Escuchar. Los sonidos del silencio. Los pájaros. Las olas. El ruido de la ciudad. De la gente. El estruendo de las prisas. El agua del riachuelo entre las piedras. Las notas de aquel saxo, que se escucha con el corazón. Una palabra a tiempo. Un silencio a destiempo.
Oler. Oler la esencia, que nos empeñamos en ocultar. La piel desnuda. El jazmín del balcón de casa. Una taza de té caliente. El pan recién tostado. La tierra mojada. El salitre de la playa. La corteza de los árboles del bosque. La miel.
Degustar. Lamer. Morder. Saborear. Una comida sencilla. Una manzana. Un vaso de agua fresca. Del vino siempre me ha gustado más la compañía que trae asociada. Descubrir unos labios. Un cuerpo.
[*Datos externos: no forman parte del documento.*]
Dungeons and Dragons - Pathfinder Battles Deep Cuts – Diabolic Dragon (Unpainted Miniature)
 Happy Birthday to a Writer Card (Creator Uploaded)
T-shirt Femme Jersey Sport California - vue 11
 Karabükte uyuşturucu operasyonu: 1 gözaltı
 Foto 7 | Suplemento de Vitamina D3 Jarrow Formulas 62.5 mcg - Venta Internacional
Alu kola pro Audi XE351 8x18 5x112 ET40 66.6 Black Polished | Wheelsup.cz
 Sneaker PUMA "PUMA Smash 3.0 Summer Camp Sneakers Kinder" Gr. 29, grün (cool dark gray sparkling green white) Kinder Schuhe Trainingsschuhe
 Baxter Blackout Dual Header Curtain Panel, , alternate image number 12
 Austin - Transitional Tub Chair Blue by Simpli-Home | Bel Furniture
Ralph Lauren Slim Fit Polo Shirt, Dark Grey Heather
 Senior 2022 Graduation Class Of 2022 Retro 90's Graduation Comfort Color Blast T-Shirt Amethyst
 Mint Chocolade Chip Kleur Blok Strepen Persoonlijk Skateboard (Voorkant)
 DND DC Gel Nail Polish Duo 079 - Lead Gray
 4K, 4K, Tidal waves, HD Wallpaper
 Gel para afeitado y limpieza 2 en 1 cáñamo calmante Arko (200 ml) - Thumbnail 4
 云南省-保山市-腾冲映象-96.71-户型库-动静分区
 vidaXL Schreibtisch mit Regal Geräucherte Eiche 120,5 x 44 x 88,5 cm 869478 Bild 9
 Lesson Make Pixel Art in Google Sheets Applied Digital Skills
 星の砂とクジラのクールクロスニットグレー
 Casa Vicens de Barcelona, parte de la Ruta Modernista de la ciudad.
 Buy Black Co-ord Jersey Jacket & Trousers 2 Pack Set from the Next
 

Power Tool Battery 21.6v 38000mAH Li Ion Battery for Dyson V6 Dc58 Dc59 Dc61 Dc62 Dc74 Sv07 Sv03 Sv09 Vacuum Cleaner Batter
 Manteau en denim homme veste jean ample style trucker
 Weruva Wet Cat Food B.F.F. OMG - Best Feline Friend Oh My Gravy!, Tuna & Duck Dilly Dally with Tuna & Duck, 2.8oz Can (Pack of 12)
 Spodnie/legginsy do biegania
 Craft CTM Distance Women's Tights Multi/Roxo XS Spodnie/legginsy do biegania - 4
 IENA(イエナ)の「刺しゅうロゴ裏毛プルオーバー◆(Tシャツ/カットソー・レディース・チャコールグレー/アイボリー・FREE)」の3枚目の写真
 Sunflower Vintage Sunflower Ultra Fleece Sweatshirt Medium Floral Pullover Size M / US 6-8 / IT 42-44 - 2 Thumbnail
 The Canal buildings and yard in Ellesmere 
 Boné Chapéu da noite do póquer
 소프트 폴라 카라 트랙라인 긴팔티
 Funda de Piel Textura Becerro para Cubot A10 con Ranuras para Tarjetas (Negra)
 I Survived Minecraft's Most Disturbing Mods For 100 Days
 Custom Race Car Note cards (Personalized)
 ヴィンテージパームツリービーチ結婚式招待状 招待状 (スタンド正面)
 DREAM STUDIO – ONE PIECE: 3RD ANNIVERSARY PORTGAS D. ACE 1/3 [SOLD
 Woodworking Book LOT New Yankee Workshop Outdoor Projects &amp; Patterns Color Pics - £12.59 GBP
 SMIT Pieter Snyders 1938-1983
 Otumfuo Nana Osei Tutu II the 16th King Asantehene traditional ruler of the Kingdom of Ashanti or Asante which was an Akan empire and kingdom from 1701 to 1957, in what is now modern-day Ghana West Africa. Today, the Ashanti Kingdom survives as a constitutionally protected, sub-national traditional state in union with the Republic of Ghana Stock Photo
Sentir. El tacto es mucho más que tocar. Tacto es, sobre todo, dejarse tocar. Es el frío que se clava en las entrañas. El calor del sol un mediodía de primavera. El viento que despeina. Las lágrimas que mojan las mejillas. Los dedos que acarician todos los rincones. Los zapatos que aprietan. El abrazo que aprieta aún más.
Y me doy cuenta que soy muy afortunada. Miro, escucho, huelo, degusto y siento así. Sin límites. Sin freno. Abierta de par en par. Dejándome llenar. Dejándome sorprender. Dejando fluir.
Tal vez sea este el misterio oculto de la vida: Dejarse sorprender por la vida misma.